In the early 80s, TIME's managing editor, Ray Cave, urged the appropriate writers to devote weeks when they had no pressing assignments to preparing obits of people we intended to spend a page on. (Many newspapers and magazines do the same, to offset hysteria when a star's death is disclosed hours before closing time. One Saturday afternoon I had three hours to research and write a page on the novelist Ralph Ellison.) Spurred by Ray's initiative, and my own interest in summing up great lives, I dutifully compiled tributes to eight or ten worthies, including Laurence Olivier, Greta Garbo, Kate Hepburn. Some of these folks had been famously ailing. Yet they refused to die. I came to suspect that my obit-writing guaranteed these eminences something like eternal life. Hepburn, flinty and defiant to the end, outlived my original obit by 15 years.

As I say, TIME accumulated a small morgue of these send-offs, written and laid out and virtually ready to run. One of these came in handy toward the end of a busy work week just before Christmas 1983, when our editors were alerted that the surrealist painter Joan Miro had died. (A big name almost always dies around Christmas.) Fortunately, a Miro obit had been written some years before by Bobby Baker, since deceased. An editor gave the piece a suitable freshening and sent it off. At the very end of the week, a resourceful soul at the copy desk called that week's top editor, Chris Porterfield, to say that Miro hadn't died, he was only ailing. Just in time, Chris pulled the piece. He later noted that we were dangerously close to making journalistic history: an obit of a living person by a dead one.

Then Miro did die, on Christmas day. Turns out we could've scooped the world.

For me, the pleasure of considering a significant life became a habit I was determined to extend on this website — either in longer obits (of Chuck Jones, Al Hirschfeld, Leslie Cheung, Jack Paar) or in logorrheically wishing a happy birthday to Les Paul (on his 85th) or to Marilyn Monroe and Jean Shepherd (on what would have been, respectively, their 75th and 80th.) Sometimes I nostalgicized famous magazines (Mad, Playboy) on their 50th anniversaries, a favorite TV news show ("CBS Sunday Morning") on its 25th.

Often I am one of hundreds of writers noting these events. In a few sad instances I can offer the reflections of acquaintanceship with the deceased — Chuck, a friend of nearly 25 years, and Leslie, a suicide at 46 (the poor melodramatic dear). Mostly I hope to find expressions of the impact popular artists have had on us, and on me as a consumer of manufactured dreams. I juggle my shocked or melancholic reaction to the news of their passing with the sweet challenge of bringing, in words, the dead back to life.

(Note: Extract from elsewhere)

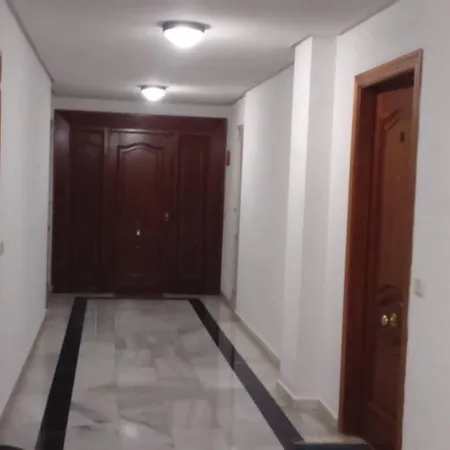 Apartment , Beach, Centre ,balcony With Seaview, For 4 Persons Fuengirola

99 COLUMNS APPEAR ON THE WEB...

...and in my first one I announced "the rise of a new generation of culture consumers: one that has instant access that the glories of the past. The sprawl of video and web technology puts almost anything you want at your fingertips or on your cassette shelf." Already that observation is antique; it has been outdated by Napster and iPod, TiVo and digital TV. Just now I'm in Toronto, savoring CineFranco, Marcelle Lean's annual festival of French-language films. But back home in Manhattan, my TiVo knock-off gizmo ($7 a month) is recording "South Park," "Martha Stewart Living," "Media Funhouse" and Garbo's German version of "Anna Christie" from four different channels. I couldn't have done that three years ago.

And three years fairly zips by. There are so many subjects still be be considered: Lenny Bruce, Pete Seeger, Alistair Cooke, Garrison Keillor, the EC horror comics line, to name a few coming up soon. And I have old promises to keep. In the first column I offered this preview of coming attractions: "I want to write about a 'new' collection of Tin Pan Alley lyrics, a 'new' 10-CD set of Mildred Bailey sides, a 'new' package of silent short comedies that Fatty Arbuckle and Buster Keaton made back when Woodrow Wilson was President." Well, I reviewed the pop-lyrics book, and the Arbuckle-Keaton package, but I didn't get to Mildred Bailey — not then, and not last year, which was her centenary. Two outta three ain't good. It was my firm intention to fold Bailey into this column. Now she will have to wait a bit longer, because she deserves a whole column to herself and because, dammit, I'm going to bring this 100th column in under 3,000 words.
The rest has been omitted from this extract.